1. Trying to be “friends” with an ex.
No one wants to be friends with their ex. At least, not for a very, very long time post-breakup. Even if you have one of those organic, beautiful, “we both had to follow our own adventure”-esque breakups that belong in an Anthropologie catalog, you still need that time to sew up your emotional wounds and not have it all up in your face when they are boning love to someone new. There are few things more brutal than announcing, as the two of you part ways, that you “want to do your best to stay friends,” and then actually have to go out for coffee with this person two weeks later as though they weren’t so recently inside of your vagina/heart. God forbid they should actually start talking to you — as they would to a friend about their new love life. Then you might as well just bite down on a cyanide capsule and end it all right at the restaurant.
2. Agreeing to an early weekend commitment.
There is that very specific feeling, when your alarm goes off at Way Too Early O’Clock and you have a laundry list of things you agreed to do on what was supposed to be your day off, where you start going down said list one by one and rationalizing away every last thing you have to do. Do you really need to go to that brunch? Do you have to help your best friend move? Is it absolutely necessary to be there for the birth of your first nephew? And then you indulge yourself in the emotional Nutella that is canceling on people last minute so that you can go back to sleep for another few hours, only to hate yourself when you finally get up and face the damage of what you bailed on.
3. Going to a party that you know you’re not going to enjoy.
For some reason, we have come to believe as a society that it is better to agree to go to a social function for the sake of showing up than it is to politely decline and spare everyone the agony of watching you have the worst two hours of your life in the corner.
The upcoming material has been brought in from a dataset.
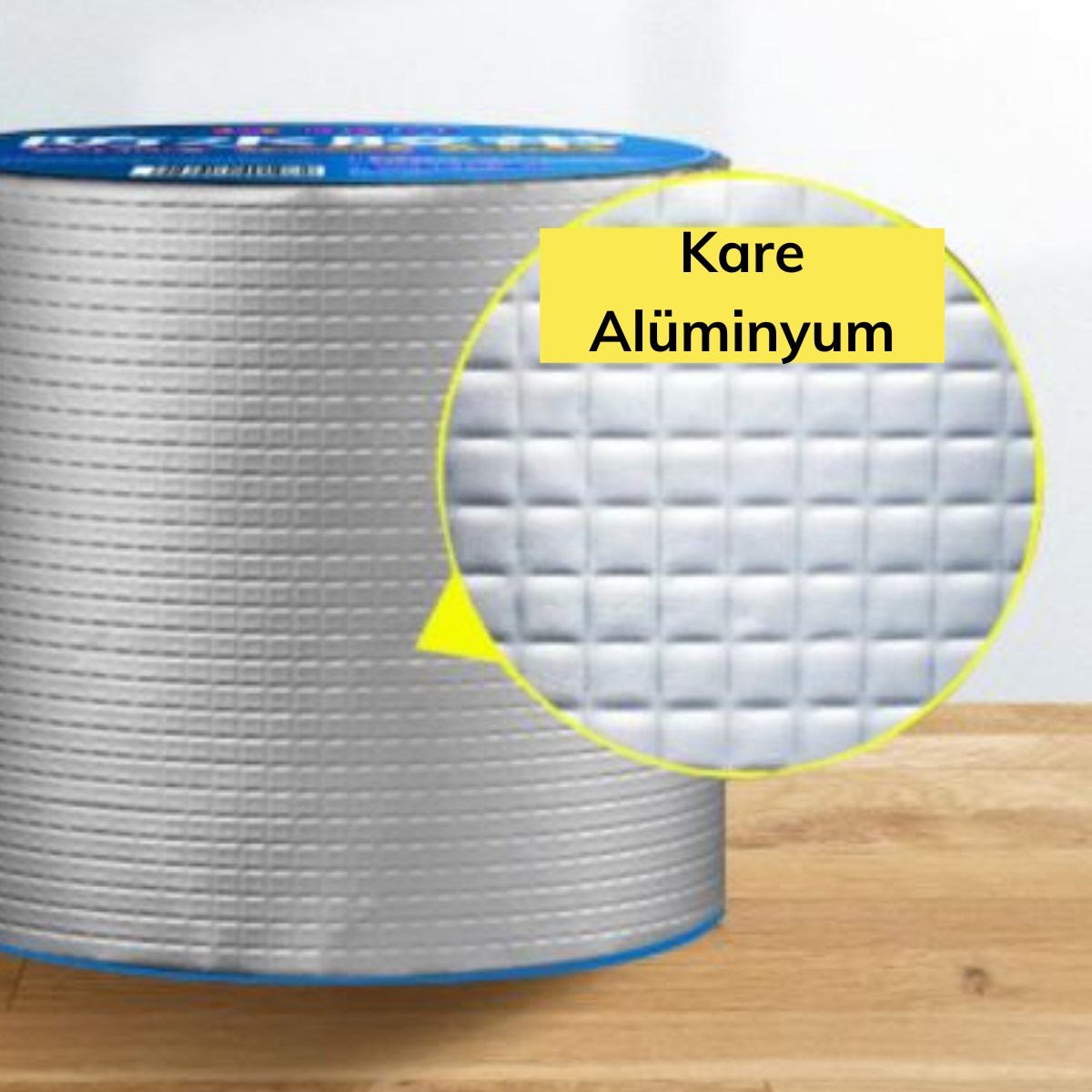 Yüksek Sıcaklık Dayanan Su Geçirmez Çatı Boru Duvar Çatlak Onarıcı Yapışkan Bant Folyo 10 cm (5538) 2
And while, if it’s a big event like a birthday or a congratulatory celebration, it’s always best to wish someone well in person, no one wants to have to deal with that guy. You know that guy — sitting by himself, glaring at everyone like they farted at him and then walked away, checking his phone every 15 seconds even though he knows that no one is going to text him. Don’t be that guy. Just say no to the party from the get-go.
4. Asking if you can help when you know you can’t.
There should be some serious laws about offering up the phrase “Let me know if I can do anything to help.” That shit should mean something, and not just “I want to look like a good person, but have no intentions of actually following up on this.” Because nothing looks worse than extending that spiritual hand of imaginary help, only to abruptly turn it into a middle finger when someone actually reaches out and says something like, “Yeah, if you could help me pack my boxes before the big moving day, that would be totally awesome.” It crushes the human spirit to realize that people don’t actually want to help you, so it’s best to just never give the illusion of it in the first place. Just say what you really mean from the get-go.
5. Trying to set two people up.
There are only two outcomes to this scenario:
1. They end up happily ever after, and gaze at you admiringly from their table at the wedding reception while holding up a glass of champagne and toasting you for all of your life-changing matchmaker efforts. Everyone at the reception turns to you, champagne glass in hand, and wonders why there aren’t more people like you in life — so selfless, so forward-thinking, so compassionate, so savvy at putting people together. And then you have sex with someone’s underwear-model cousin who happened to come to that wedding as God’s reward for your hard work.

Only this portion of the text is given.